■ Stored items

##########

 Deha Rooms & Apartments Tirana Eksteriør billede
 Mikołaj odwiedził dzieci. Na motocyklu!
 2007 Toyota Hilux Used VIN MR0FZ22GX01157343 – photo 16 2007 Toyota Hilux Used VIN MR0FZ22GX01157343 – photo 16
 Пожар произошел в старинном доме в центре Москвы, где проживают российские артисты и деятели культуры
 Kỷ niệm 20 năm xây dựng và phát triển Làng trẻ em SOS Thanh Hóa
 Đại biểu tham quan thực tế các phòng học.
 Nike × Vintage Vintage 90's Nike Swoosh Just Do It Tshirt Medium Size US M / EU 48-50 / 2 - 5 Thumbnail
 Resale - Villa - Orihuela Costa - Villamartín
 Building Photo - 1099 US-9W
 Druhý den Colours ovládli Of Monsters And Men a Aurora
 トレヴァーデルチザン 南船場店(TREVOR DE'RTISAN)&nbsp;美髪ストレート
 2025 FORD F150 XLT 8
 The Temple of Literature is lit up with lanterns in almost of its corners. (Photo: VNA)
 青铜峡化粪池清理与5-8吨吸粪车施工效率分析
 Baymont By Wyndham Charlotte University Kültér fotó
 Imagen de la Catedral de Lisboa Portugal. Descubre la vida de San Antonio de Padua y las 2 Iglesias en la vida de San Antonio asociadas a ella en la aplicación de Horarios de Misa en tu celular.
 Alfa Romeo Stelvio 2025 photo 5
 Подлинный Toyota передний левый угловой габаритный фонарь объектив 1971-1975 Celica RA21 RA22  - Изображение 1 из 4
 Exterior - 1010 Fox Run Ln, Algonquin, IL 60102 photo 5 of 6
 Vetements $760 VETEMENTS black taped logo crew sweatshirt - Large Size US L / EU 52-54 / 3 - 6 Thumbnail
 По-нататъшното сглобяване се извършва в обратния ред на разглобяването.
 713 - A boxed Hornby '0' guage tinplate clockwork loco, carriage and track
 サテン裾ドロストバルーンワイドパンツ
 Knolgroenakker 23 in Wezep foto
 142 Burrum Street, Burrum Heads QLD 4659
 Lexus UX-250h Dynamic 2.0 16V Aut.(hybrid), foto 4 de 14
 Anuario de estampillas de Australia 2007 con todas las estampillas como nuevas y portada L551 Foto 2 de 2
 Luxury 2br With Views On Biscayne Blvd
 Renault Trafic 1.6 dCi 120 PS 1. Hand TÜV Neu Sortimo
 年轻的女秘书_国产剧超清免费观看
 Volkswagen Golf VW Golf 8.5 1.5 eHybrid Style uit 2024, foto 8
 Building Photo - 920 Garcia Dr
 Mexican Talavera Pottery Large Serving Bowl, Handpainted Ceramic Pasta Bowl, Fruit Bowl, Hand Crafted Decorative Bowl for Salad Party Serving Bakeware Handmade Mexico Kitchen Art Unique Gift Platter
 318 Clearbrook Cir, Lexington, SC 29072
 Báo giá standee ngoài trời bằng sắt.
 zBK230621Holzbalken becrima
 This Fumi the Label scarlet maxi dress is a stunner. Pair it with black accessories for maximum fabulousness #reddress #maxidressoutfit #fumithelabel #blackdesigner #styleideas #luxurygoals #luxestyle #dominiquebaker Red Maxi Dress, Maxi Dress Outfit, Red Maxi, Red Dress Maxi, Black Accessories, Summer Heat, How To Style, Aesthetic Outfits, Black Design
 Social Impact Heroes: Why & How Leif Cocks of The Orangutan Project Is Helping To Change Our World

##########

■ WHAT THE EXERCISE ASKS
Only the lines above from the line containing "2007 Toyota Hilux Used VIN MR0FZ22GX01157343 – photo 16 2007" through the line containing "Пожар произошел в" should be retyped, exactly and with both ends included.

■ EXERCISE ANSWER
 2007 Toyota Hilux Used VIN MR0FZ22GX01157343 – photo 16 2007 Toyota Hilux Used VIN MR0FZ22GX01157343 – photo 16
 Пожар произошел в старинном доме в центре Москвы, где проживают российские артисты и деятели культуры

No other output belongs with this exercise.